But, again, that can't be the whole story.
Quartz's Alice Truong put her finger on the key aspect of this story in noting that Page has expressed admiration for Berkshire Hathaway founder Warren Buffett.
Buffett has always put emphasis on the fact that Berkshire Hathaway, a classic holding company, gives operational independence and leeway to the businesses it invests in or buys outright. Buffett wants to be seen as a great "home" for a company, which is often the brainchild of a person who doesn't want to see it destroyed by corporate raiders. And he also wants to be seen as a long-term investor, who buys a business to see its story play out over decades.
If you look at Google's moves over the past few years, the similarities become even clearer. Like Berkshire Hathaway, it has a core business (search for Google, insurance and reinsurance for Berkshire) that accrues mind-boggling amounts of cash, which it then tries to deploy strategically. Like Berkshire Hathaway, it is now, and will only increasingly be, a collection of related businesses, rather than a single company with a single strategy and sector focus. Like Berkshire Hathaway, Google is also increasingly an investment company, through arms like Google Capital and Google Ventures, and not just a product company.

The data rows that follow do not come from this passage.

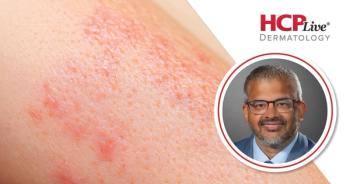 No New Safety Signals Over 3 Years in HS With Bimekizumab: Amit Garg, MD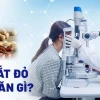 Đau mắt đỏ kiêng ăn gì và những thực phẩm cần tránh để mau khỏi bệnh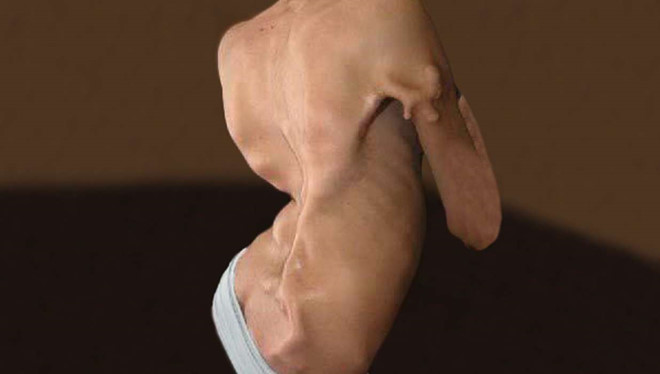 Những chứng bệnh kỳ lạ chưa tìm ra cách chữa trị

Like Berkshire Hathaway, it wants to be seen as an acquirer that is friendly to CEOs and entrepreneurs, a key competitive advantage especially in Silicon Valley, where a strategic acquisitions culture often rubs visionary entrepreneurs the wrong way.
Unlike Berkshire Hathaway, Google is also an R&D lab full of moonshot projects, but it's clear that a Berkshire Hathaway-like structure would be the best way to develop projects that grow into significant businesses in their own right.
Clearly, the ambitions of Page and his co-founder Sergey Brin have grown beyond search, and even beyond information technology. (It's easy to forget that Google proper is still doing astonishing, cutting-edge artificial intelligence research to improve its software.) They are young men who see themselves as looking out decades into the future, when tech will mean not just information technology, but also biotech, rockets to space, and more.
Page has often spoken of his admiration for the genius inventor Nikola Tesla, saying that he became an entrepreneur because Tesla's inability to turn his inventions into viable businesses hampered his ability to keep inventing — and ultimately rendered him a broken and destitute man.
Here is evidence of just how much Page is determined not to make Tesla's mistake, perhaps by becoming a mix of Buffett and Tesla. It's exciting to watch.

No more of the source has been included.